• **TASK INSTRUCTIONS**
Locate "Asiento inodoro ODEON" in the listing. Transcribe the line that contains it and every line that follows, through the last, omitting all pictures.

• **DATASET RECORDS**

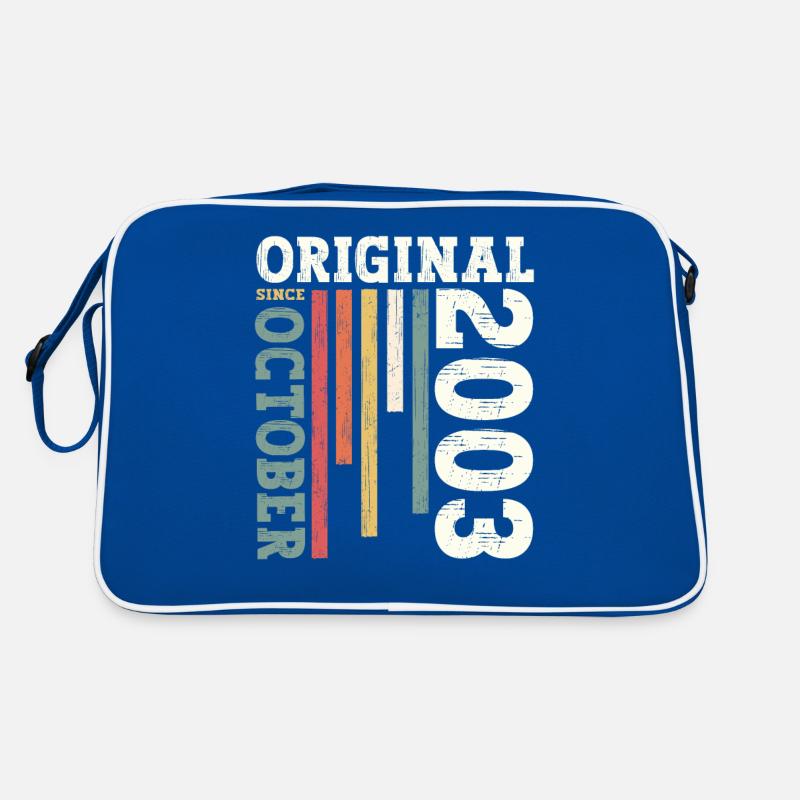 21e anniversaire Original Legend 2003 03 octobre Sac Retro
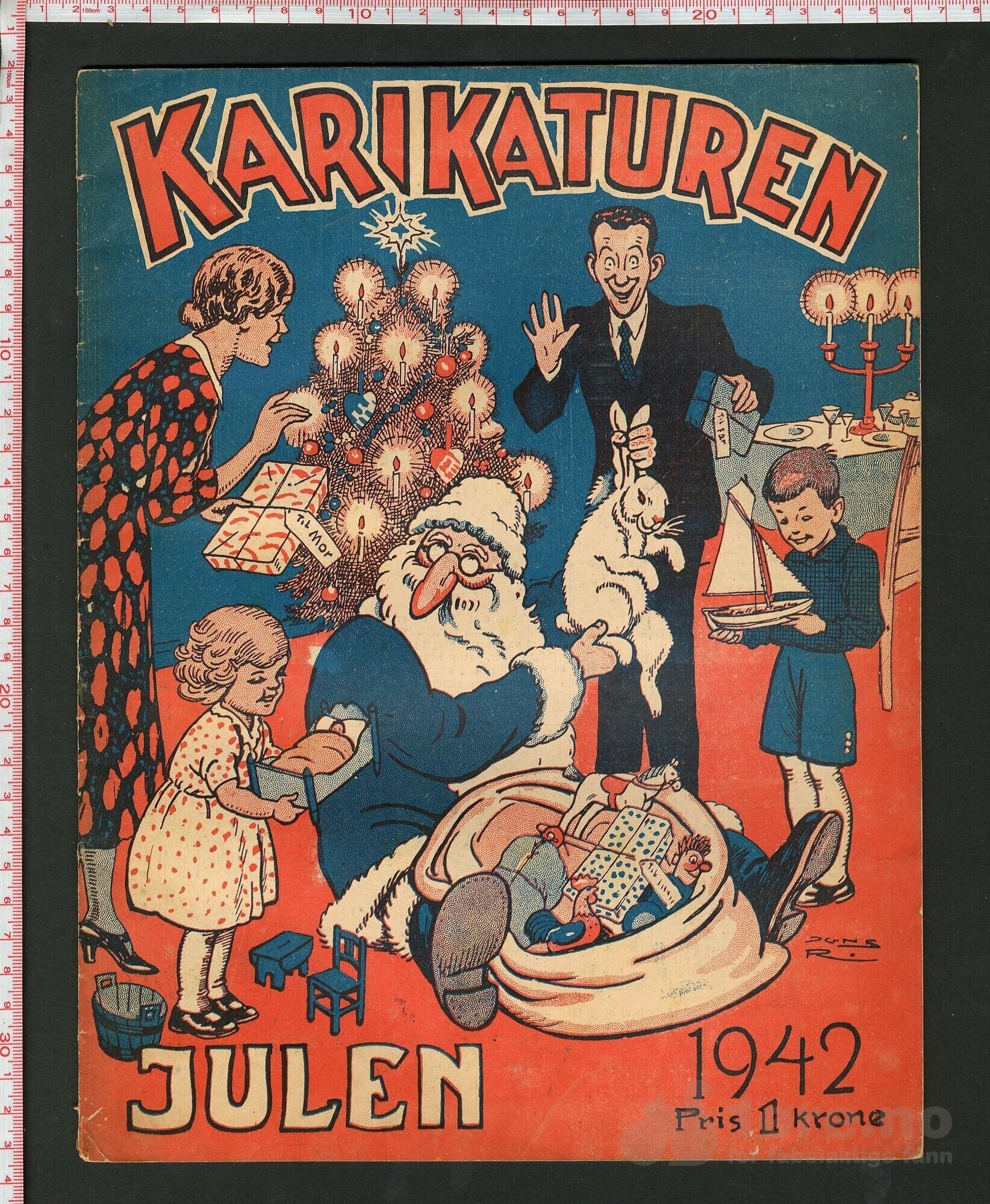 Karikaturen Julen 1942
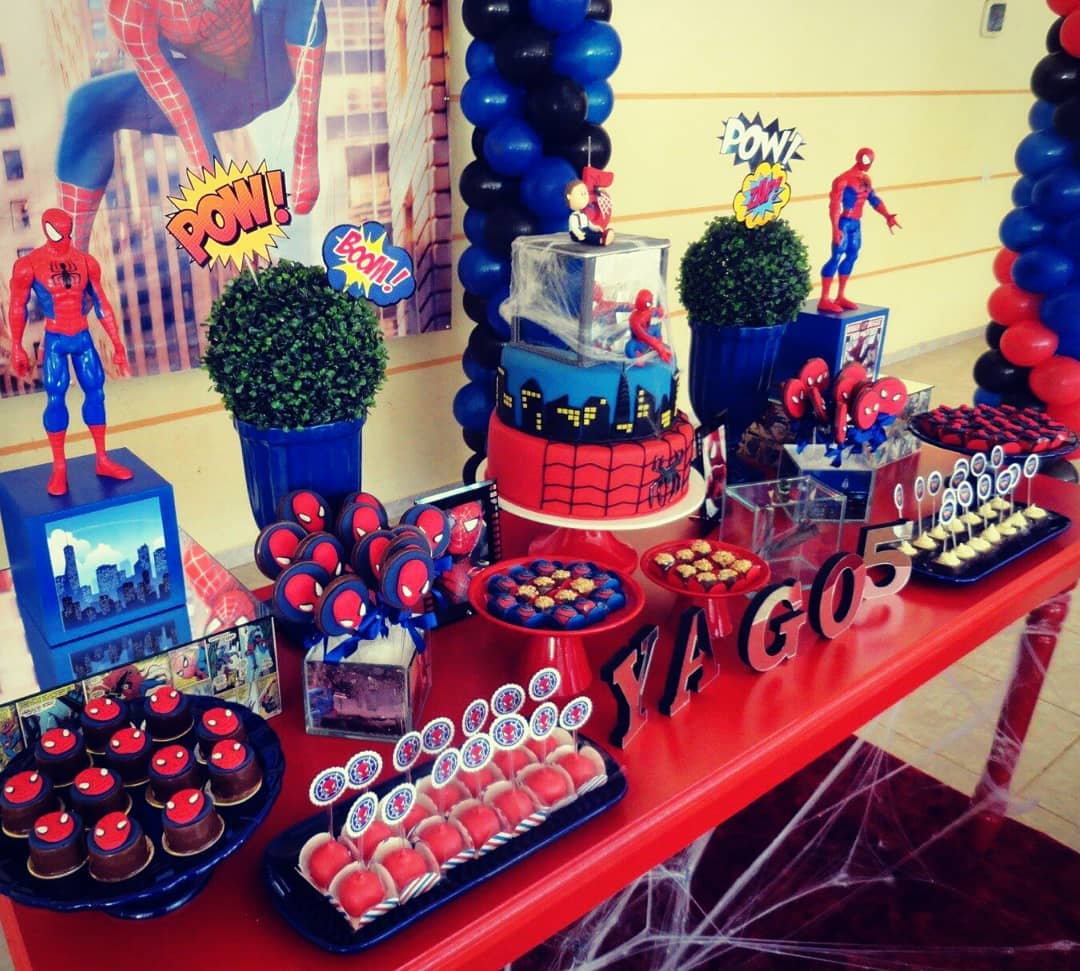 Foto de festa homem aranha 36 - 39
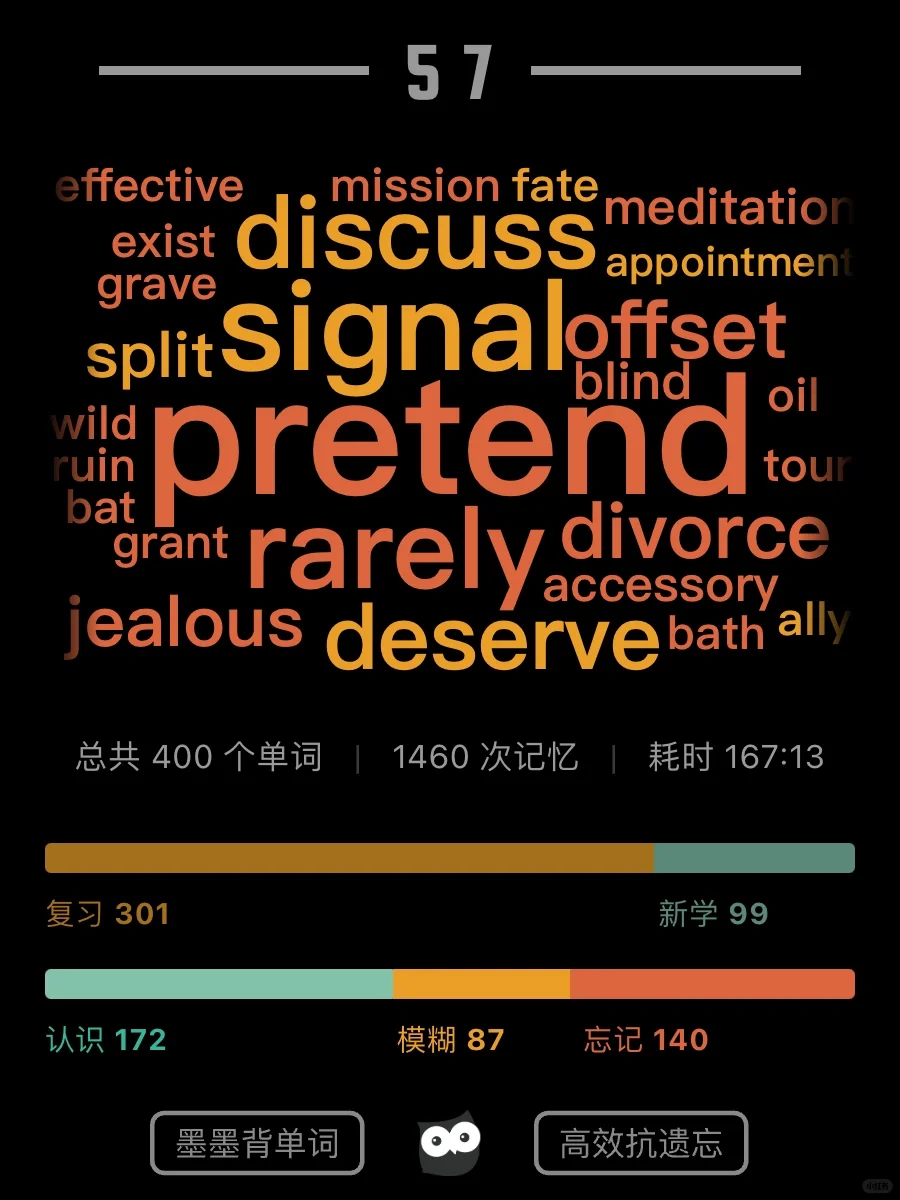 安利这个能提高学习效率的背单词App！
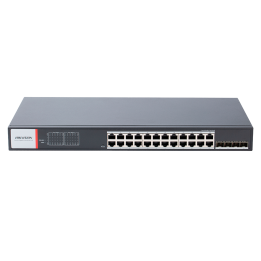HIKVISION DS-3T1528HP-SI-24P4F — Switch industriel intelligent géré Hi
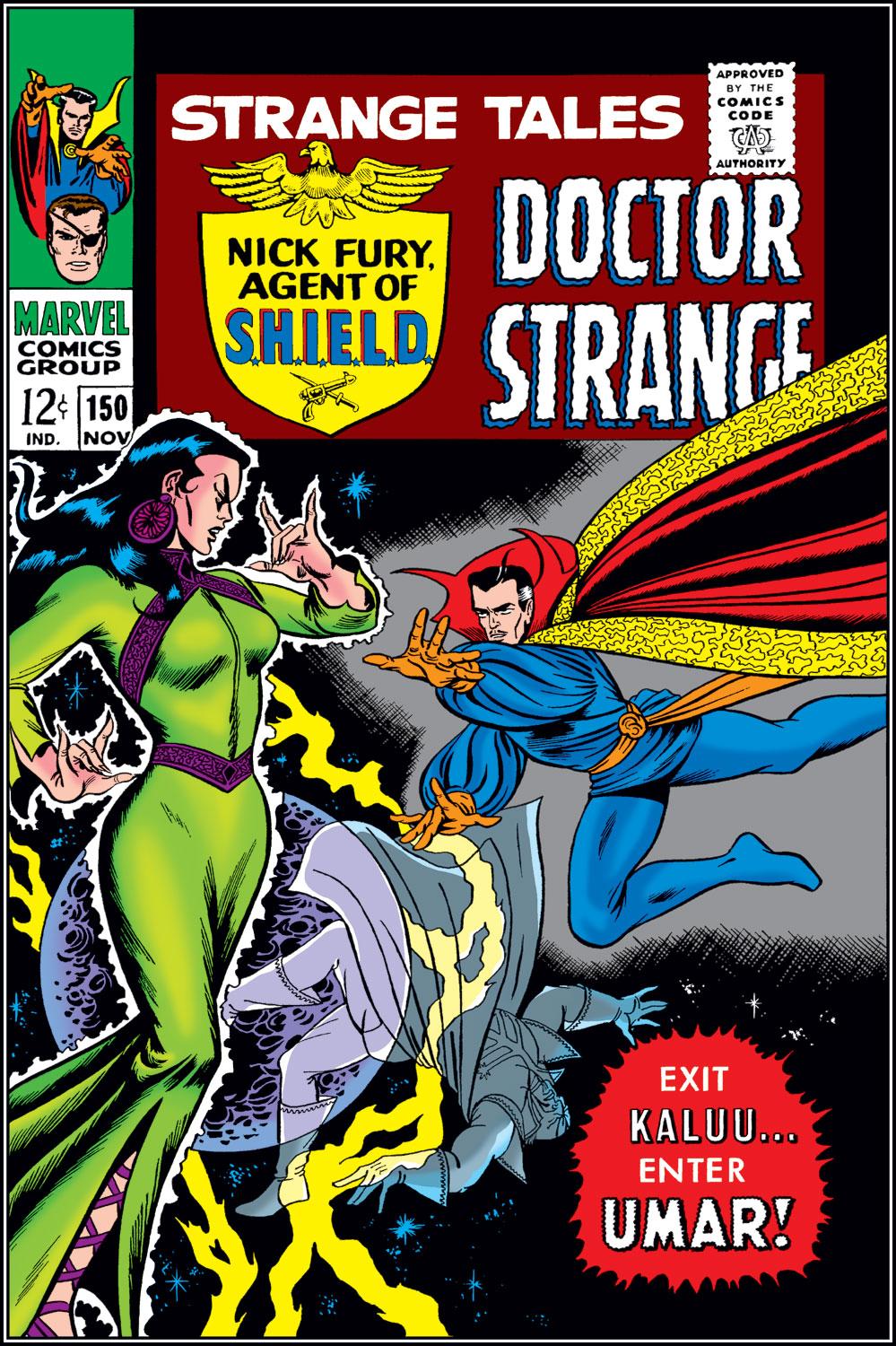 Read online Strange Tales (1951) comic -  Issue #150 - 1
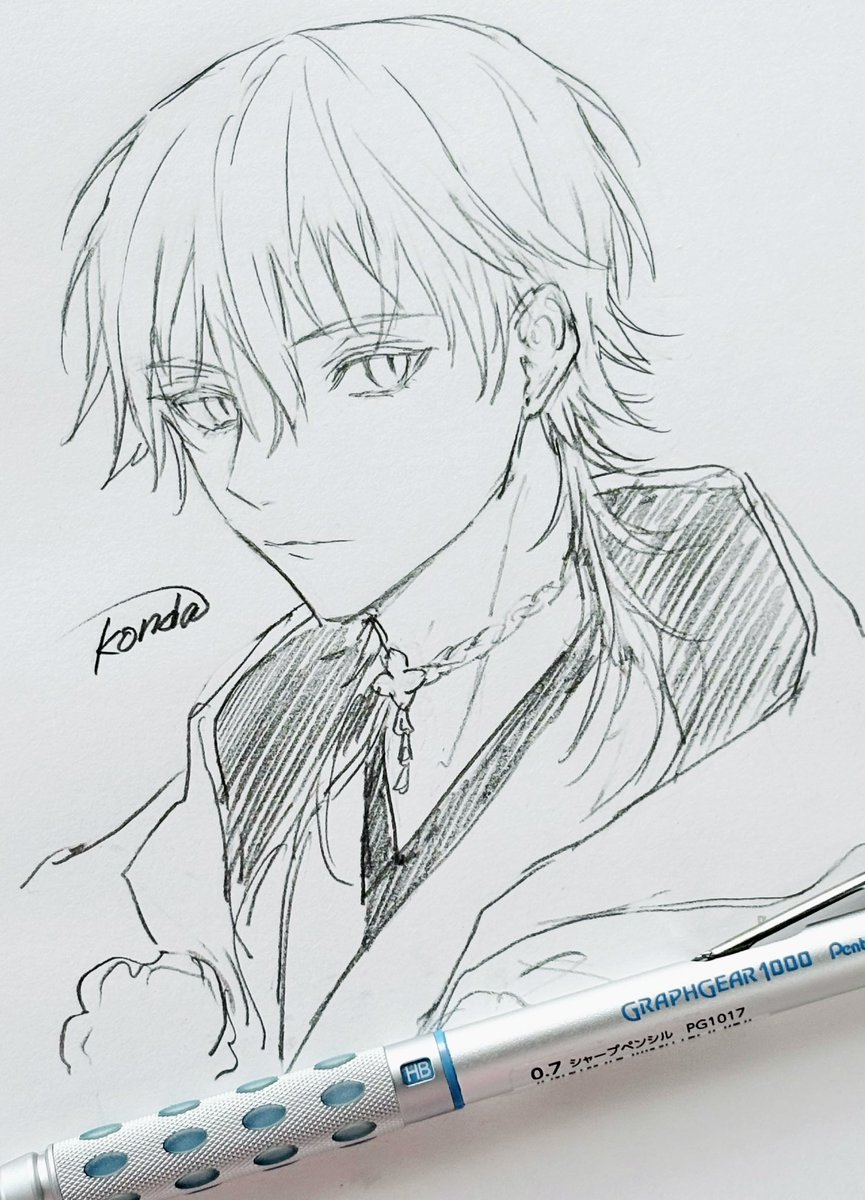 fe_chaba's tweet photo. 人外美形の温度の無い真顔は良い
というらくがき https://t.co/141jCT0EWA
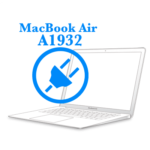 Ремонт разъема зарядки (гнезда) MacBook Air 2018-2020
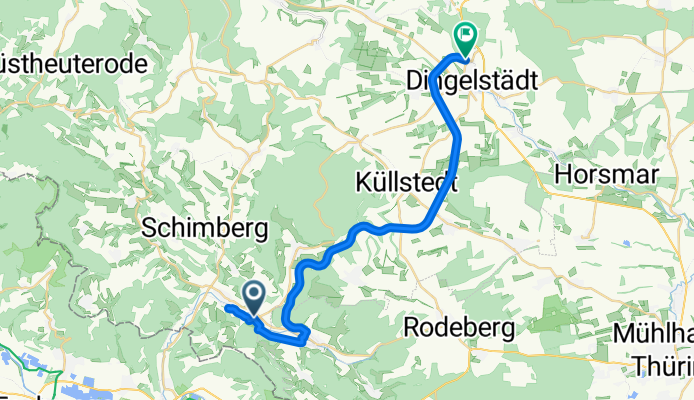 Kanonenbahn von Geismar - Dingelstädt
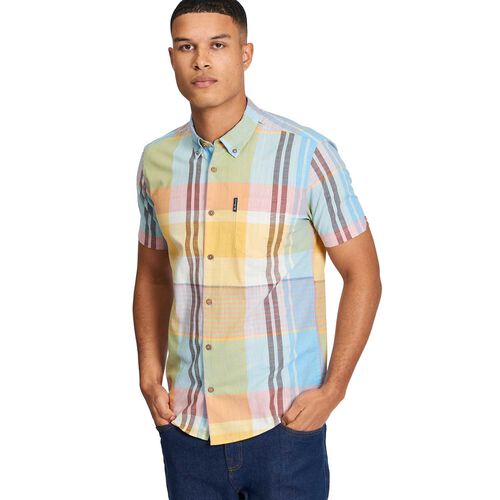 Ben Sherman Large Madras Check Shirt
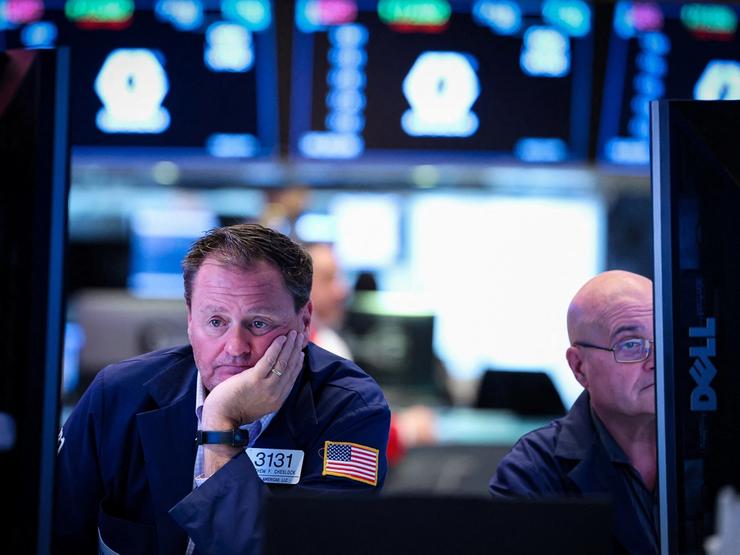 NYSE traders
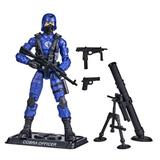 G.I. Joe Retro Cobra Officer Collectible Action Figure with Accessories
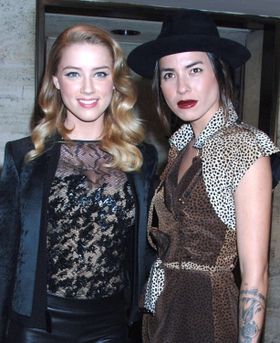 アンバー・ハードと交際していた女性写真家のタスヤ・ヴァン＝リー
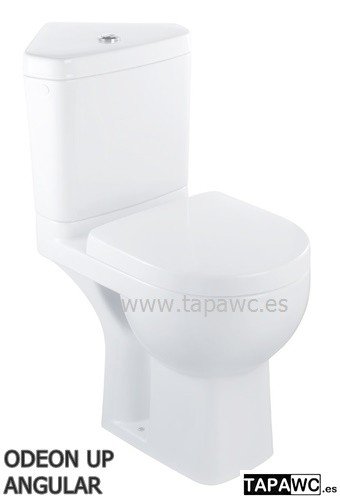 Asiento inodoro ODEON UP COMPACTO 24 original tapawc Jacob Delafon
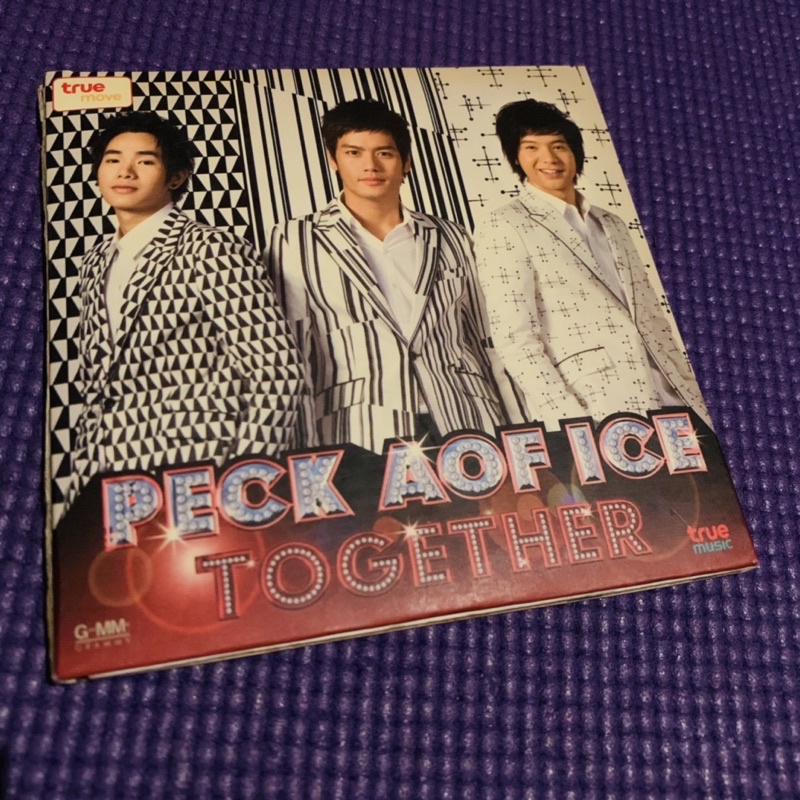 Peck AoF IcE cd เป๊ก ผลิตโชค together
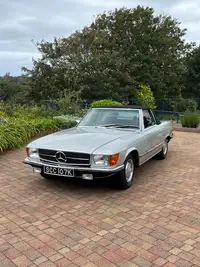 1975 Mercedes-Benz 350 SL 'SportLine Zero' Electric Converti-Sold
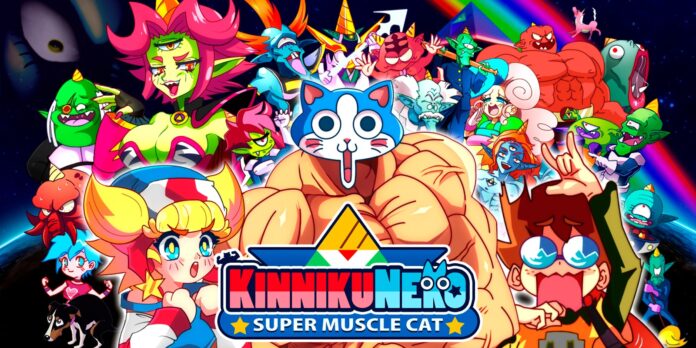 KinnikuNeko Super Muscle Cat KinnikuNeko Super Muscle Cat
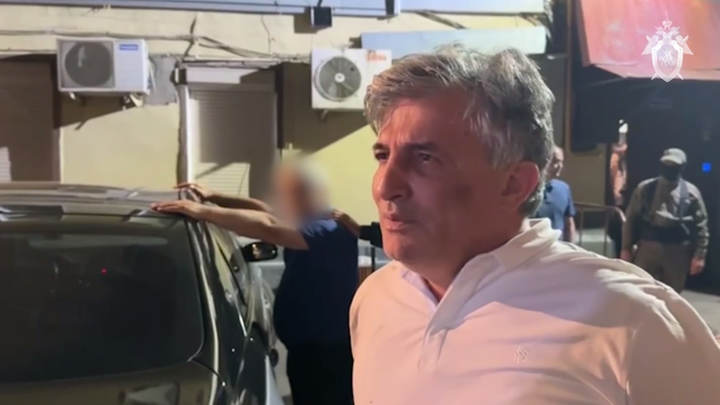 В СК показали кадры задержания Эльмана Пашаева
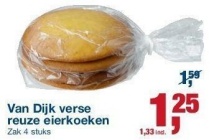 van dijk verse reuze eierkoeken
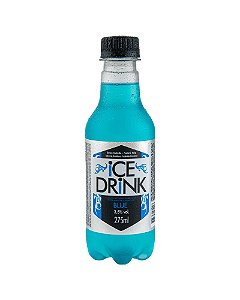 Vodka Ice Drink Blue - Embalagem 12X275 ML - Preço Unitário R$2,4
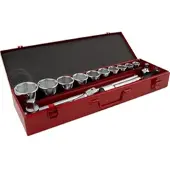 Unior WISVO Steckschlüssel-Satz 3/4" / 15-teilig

• **RESPONSE BELOW**
 Asiento inodoro ODEON UP COMPACTO 24 original tapawc Jacob Delafon
 Peck AoF IcE cd เป๊ก ผลิตโชค together
 1975 Mercedes-Benz 350 SL 'SportLine Zero' Electric Converti-Sold
 KinnikuNeko Super Muscle Cat KinnikuNeko Super Muscle Cat
 В СК показали кадры задержания Эльмана Пашаева
 van dijk verse reuze eierkoeken
 Vodka Ice Drink Blue - Embalagem 12X275 ML - Preço Unitário R$2,4
 Unior WISVO Steckschlüssel-Satz 3/4" / 15-teilig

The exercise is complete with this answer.